1.2 Sobre o capitalismo
            O sistema capitalista possui em seus meandros estratégias e instrumentos capazes de fazer com que através do mercado/consumo, indivíduos acreditem que algo desenvolvido pela ciência é capaz de satisfazer seu desejo/¨necessidade¨, tornando ¨produtos¨ essenciais para sua sobrevivência.
            Ao contrário do discurso desenvolvido por Lacan[3], o pensamento desenvolvido pelo capitalismo evidencia a promessa de eliminação de necessidades criando objetos de desejos para dessa forma, angariar cada vez mais fundos para fomentar e manter o sistema.    
            Dessa maneira, o que passa a existir constatado por Lacan passa a ser o discurso capitalista em que o homem deixa de ser gente e passa a ser servo do capital, dessa forma tornando-se mero instrumento no processo de produção como diria Marx[4] ¨coisificado¨ dito em outras palavras:

¨Não há liberdade alguma, o homem não tem outra escolha que não seja submeter-se à lógica do mercado, oferecendo seu próprio corpo para implemento de um gozo a mais(mais-valia) para o capitalista.¨ (BARROS,2015,pg103)

            Nesse sentido, é um discurso atrelado ao da perversão uma vez que transforma cada um em objeto de seu gozo, ou seja, transforma o individuo em ser desejante, mas que responde somente aos interesses do outro neste caso o capital.
            Sendo assim, o discurso de um analista torna-se comprometedor, pois é capaz de antepor-se ao discurso do sistema.
1.3  A psicanálise e a educação

            Sigmund Freud sabia que a educação era o instrumento capaz e necessário que possibilitava ao ser humano aprender a controlar e adiar as satisfações oriundas das pulsões que tem por objetivo como dito por Lacan, inibir, suprimir até mesmo proibir de colocar em prática todos os impulsos.
            Ainda segundo Lacan a formação humana (a educação formal) possuiu em sua essência e não ao acaso refrear o gozo, ou seja, resumidamente suprimir o princípio do prazer versus o princípio da realidade.
            Dessa maneira, o psicanalista deve pensar que a educação é capaz de controlar aspectos destrutivos promovidos pela pulsão, pois que esta busca incessantemente a satisfação e o gozo destituídos de obstáculos construídos sistematicamente.
            Não obstante, em linhas gerais para quer possamos obter uma existência confortável e soberana do ponto de vista dos sentidos que damos as coisas, para uma boa convivência entre os iguais, o refreamento do gozo e o subsequente mal-estar que possa ser ocasionado por tal evento, é o preço que devemos pagar
indubitavelmente por conta da manutenção de convivência e sobrevivência dentro de uma cultura civilizada.
            Em suma tendo-se a castração do sujeito através da educação a fim de refrear seu gozo, amplia-se a capacidade de reter, poupar e administrar melhor seus comportamentos subjetivos nas palavras da autora:   ¨Evita-se o desperdício de vida¨(BARROS,2015,pg 105).
            Relembrando Freud em seus escritos sobre Mal-estar na cultura, ele observou que as massas via de regra, são pouco propensas a adiar seus gozos pulsionais (pessoais) e que de certa forma por vivermos em uma sociedade societária, acelerada por processos midiáticos, tecnológicos/digitais, cada vez menos toleramos esse adiamento pulsional, e temos como consequência disso, a destruição, a violência contra o outro, o diferente.

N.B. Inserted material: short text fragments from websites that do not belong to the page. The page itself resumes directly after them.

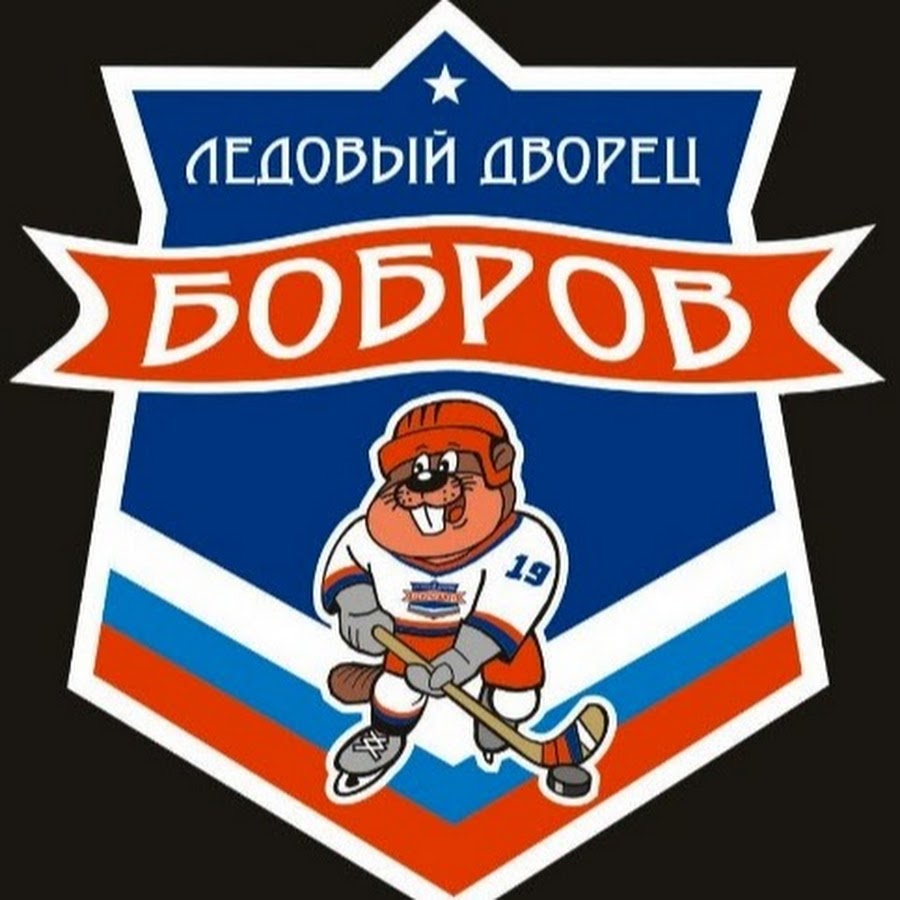 Клуб бобры. Хоккейная команда Бобров логотип. Хк Бобров эмблема. Хк бобры. Хк Бобров 2010.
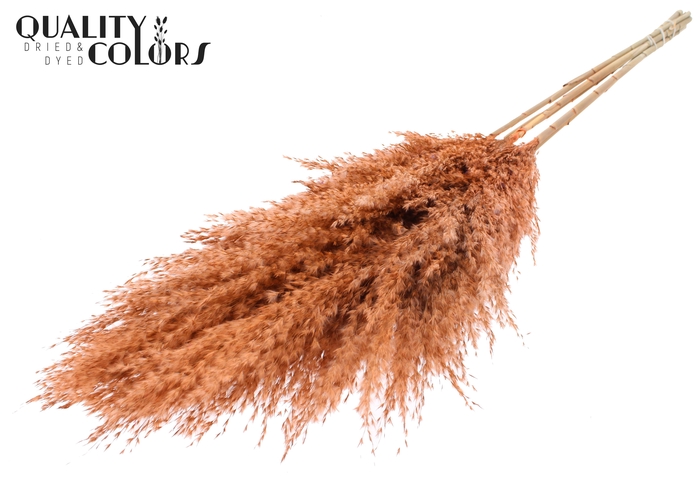 <h4>Pampas Grass 100cm 5st/bunch Frosted Salmon</h4>
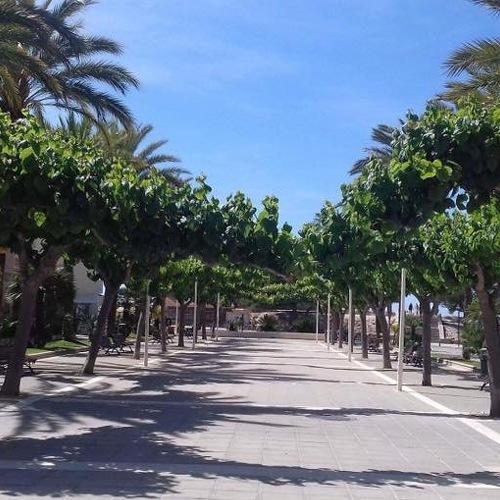Photo #3948051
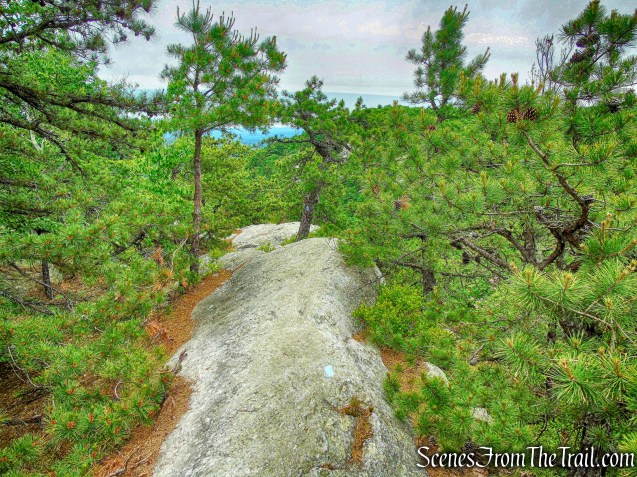 Millbrook Ridge Trail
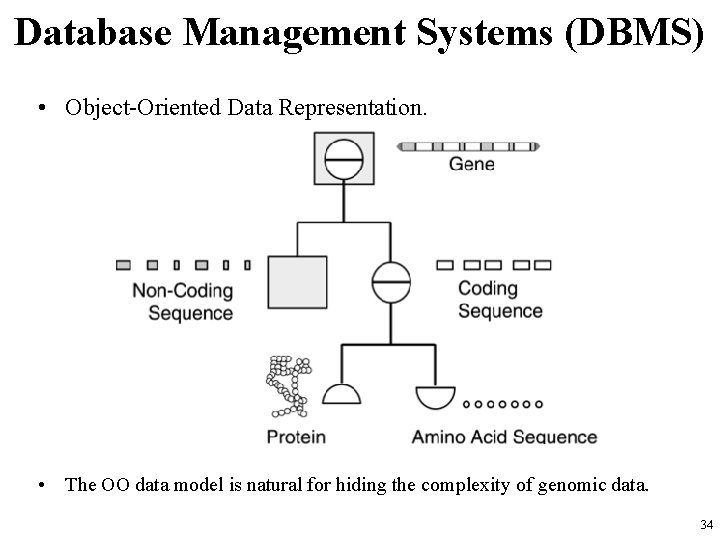 Database Management Systems (DBMS) • Object-Oriented Data Representation. • The OO data model is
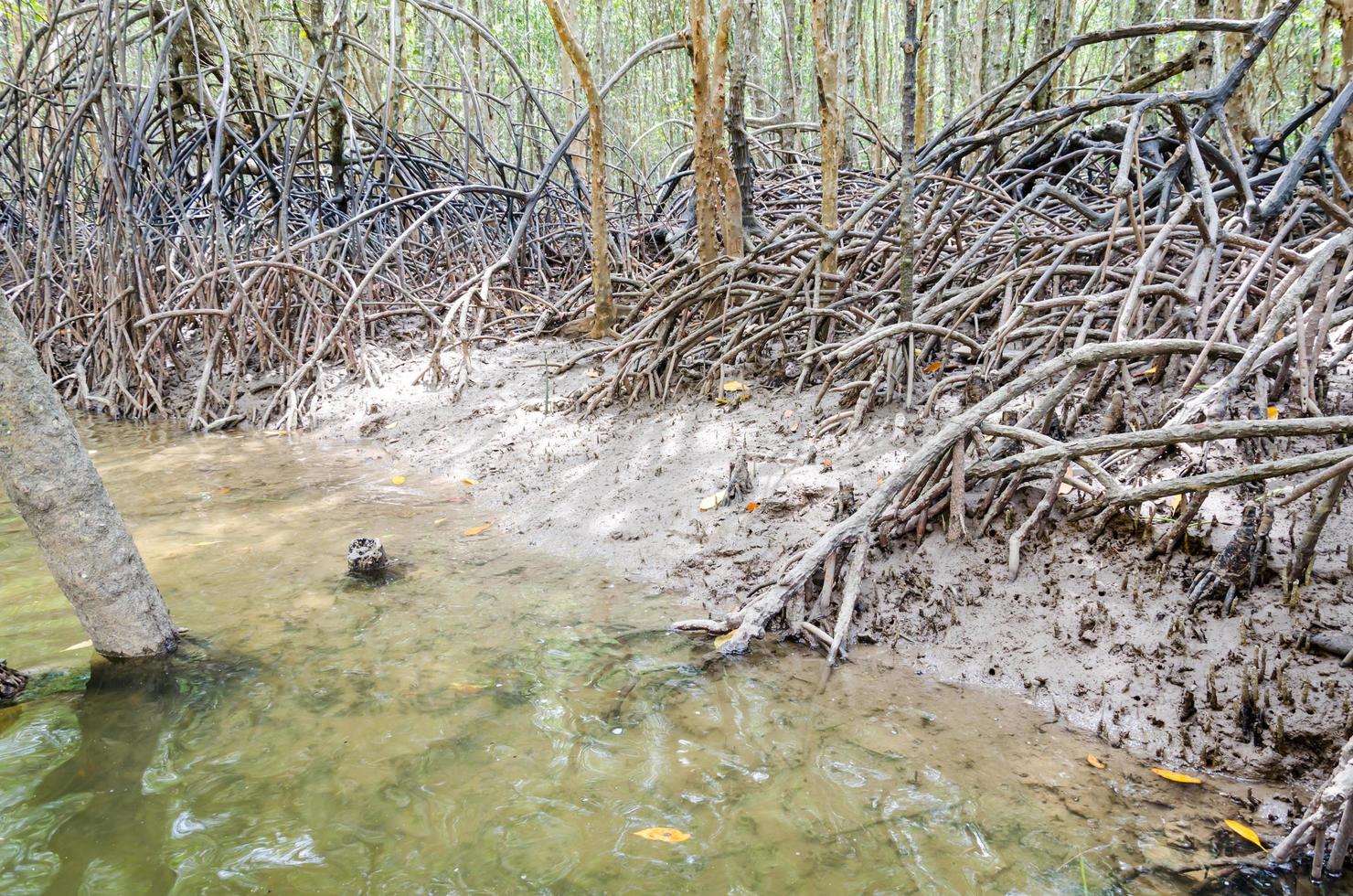 raiz de árvore de mangue em Krabi, Tailândia foto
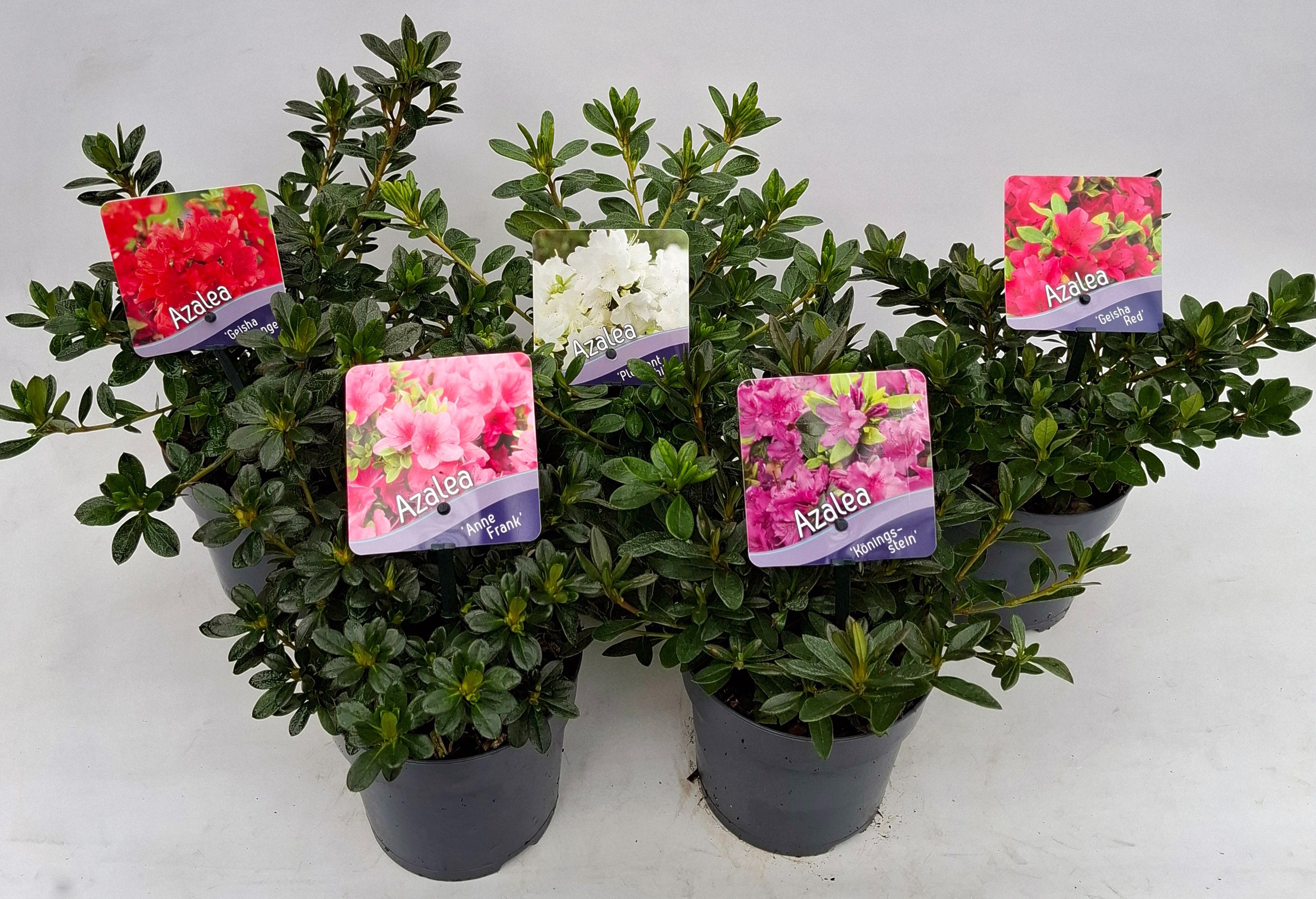 Picture of Rhododendron (AJ) Mix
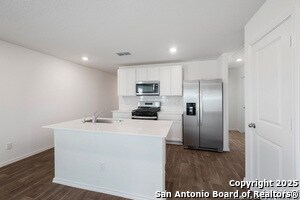 Photo - 15203 Sacred Ibis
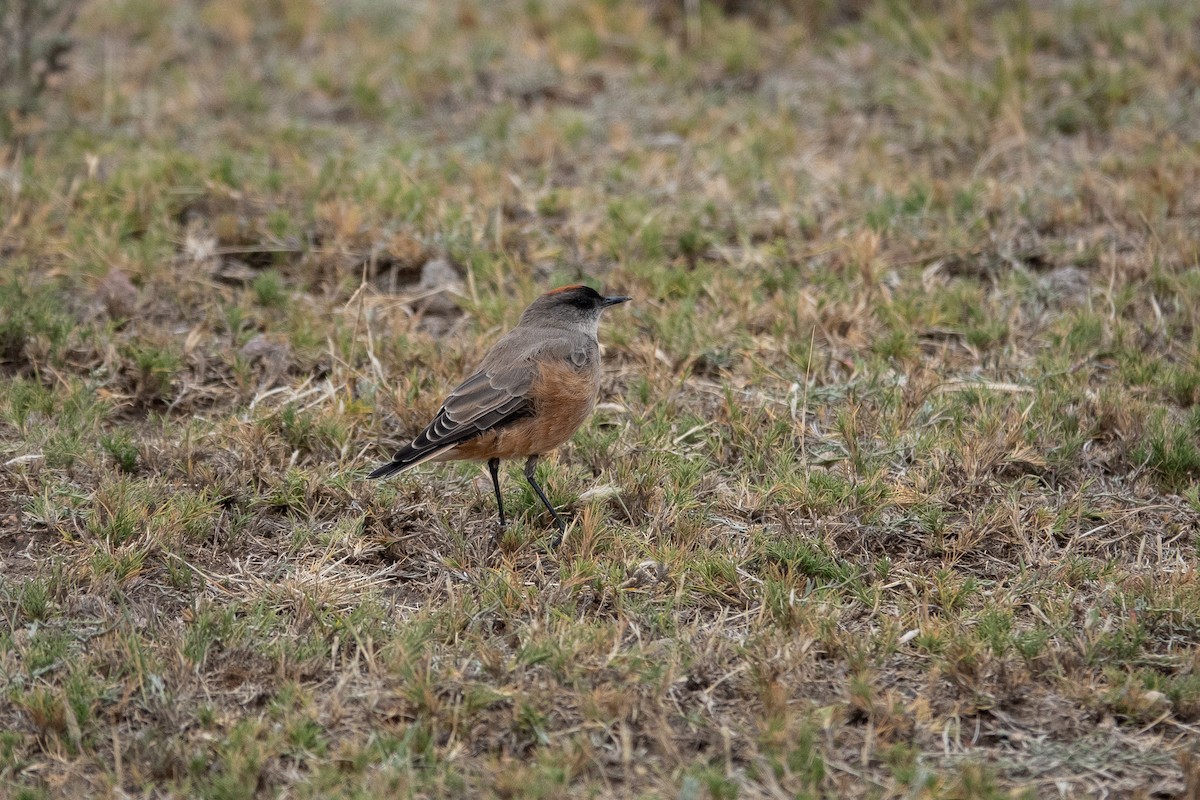 Cinnamon-bellied Ground-Tyrant - ML636605495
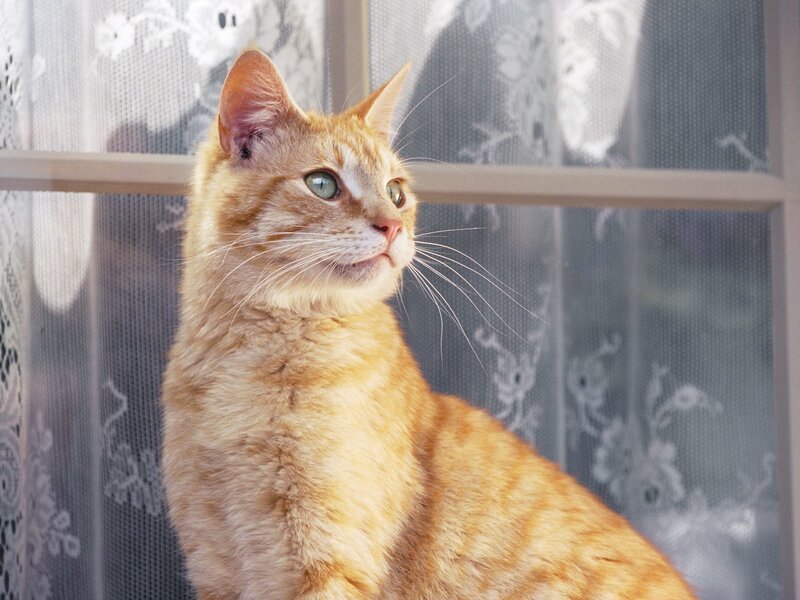 ginger cat by window
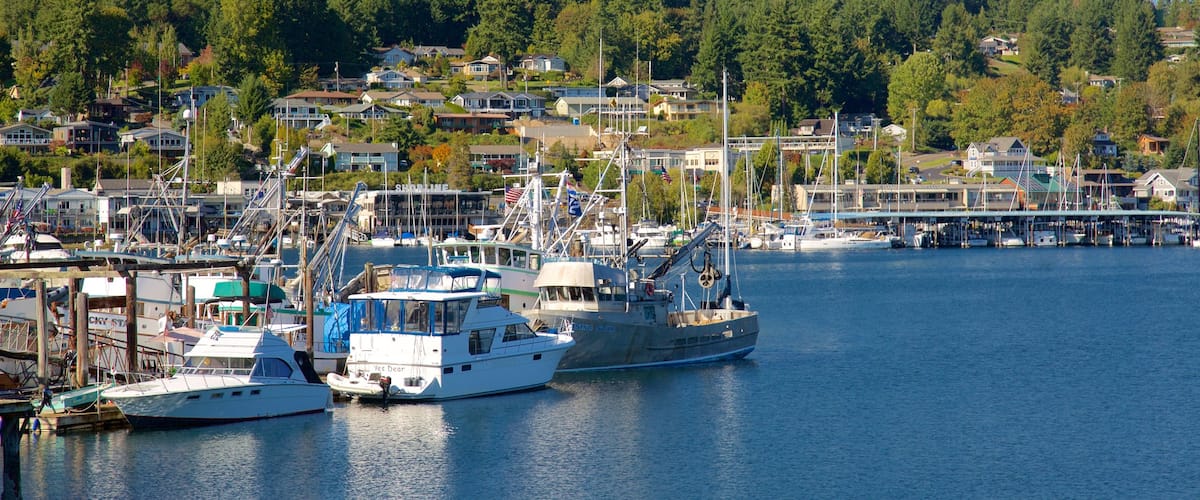 Gig Harbor featuring forests, a coastal town and a marina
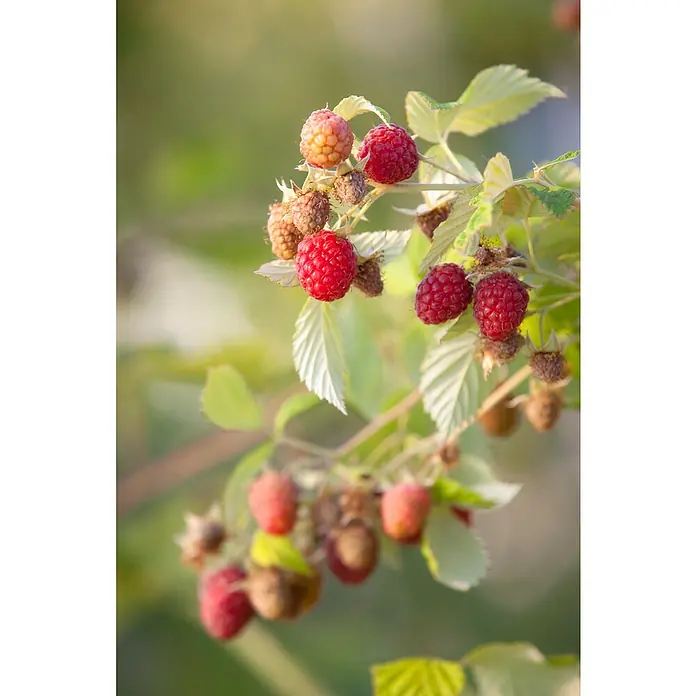 Piardino Himbeere - Rubus idaeus 'Schönemann', Topfgröße: 17 cm, Erntezeit: August - Oktober - Stimmungsaufnahme
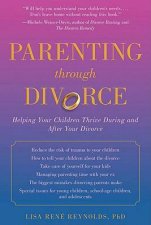 Parenting Through Divorce Helping Your Children Thrive During and After the Split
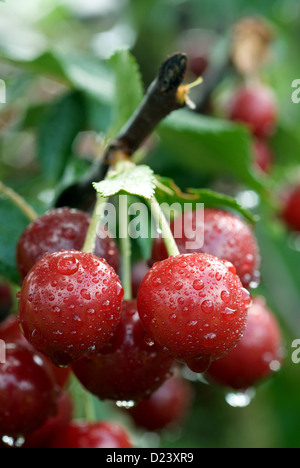 Nauen, Germany, fresh cherries on a tree Stock Photo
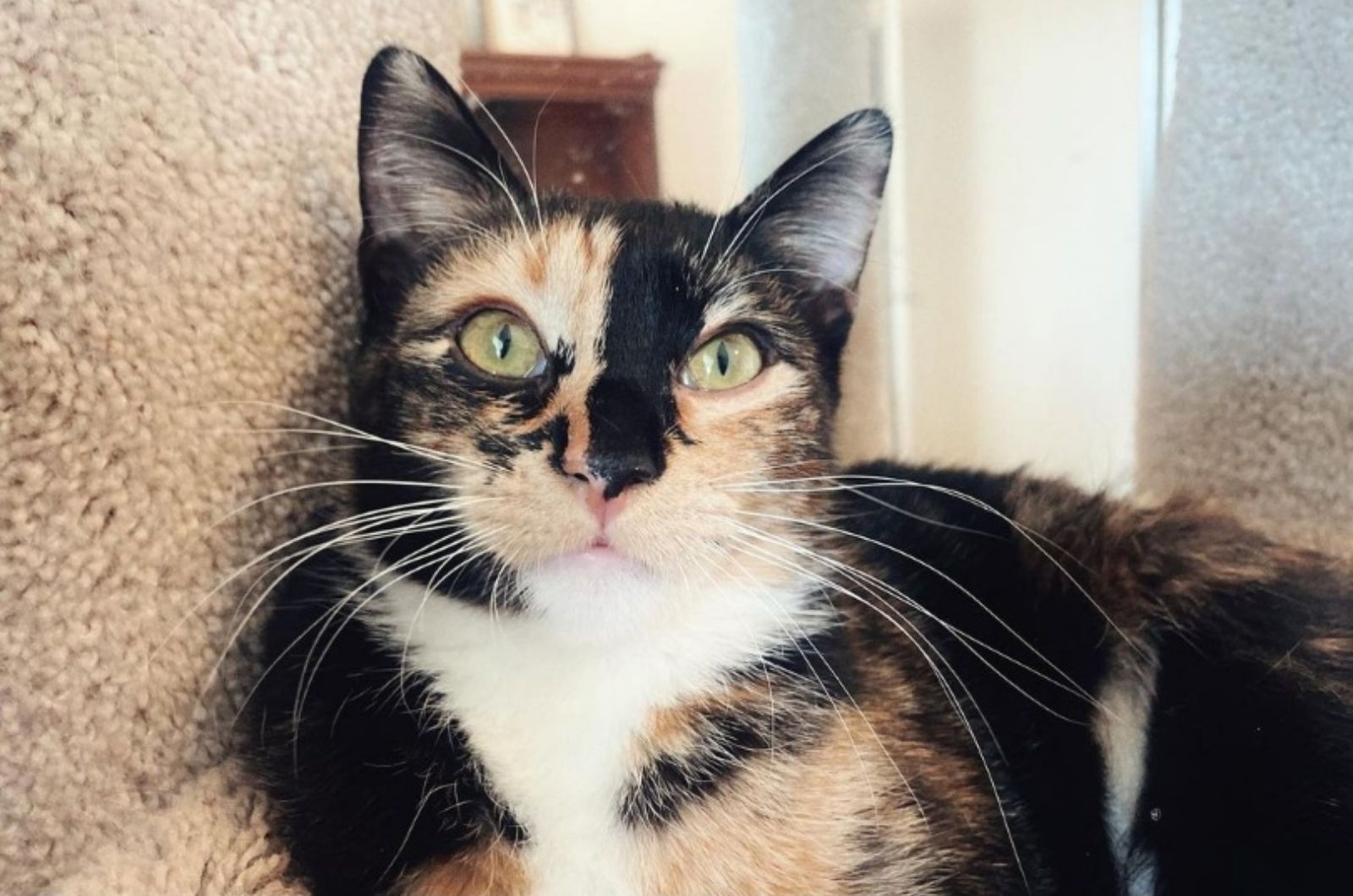 beautiful colorful cat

Leia-se: negros, pobres, indígenas, ciganos.
            Dito isso, revela-se que a educação não pode efetivamente dizer que efeitos e resultados pode obter de antemão, mas certamente revelará ao indivíduo a possibilidade de um agir mais propenso a cautelas oriundas de suas construções mentais visto que este colocará a frente de seus impulsos iniciais recursos de funcionalidade e objetividade em suas ações.



           



           
           

           
                       



[1] Graduado em Ciências Sociais/Faculdade de Filosofia de Campo Grande e Pós Graduado em Diversidade Étnica e Educação Superior/UFRRJ.
[2] Lacan estudou no colégio Stanilas, dirigdo por jesuítas, escola particular que atende à alta burguesia de Paris.
[3] Os discursos desenvolvidos por Lacan consistiam no estudo das seguintes categorias que se seguem: o da histérica, o da universidade, o da ciência e o do analista.
[4] Ler a obra ¨ O Capital¨ de Karl Marx.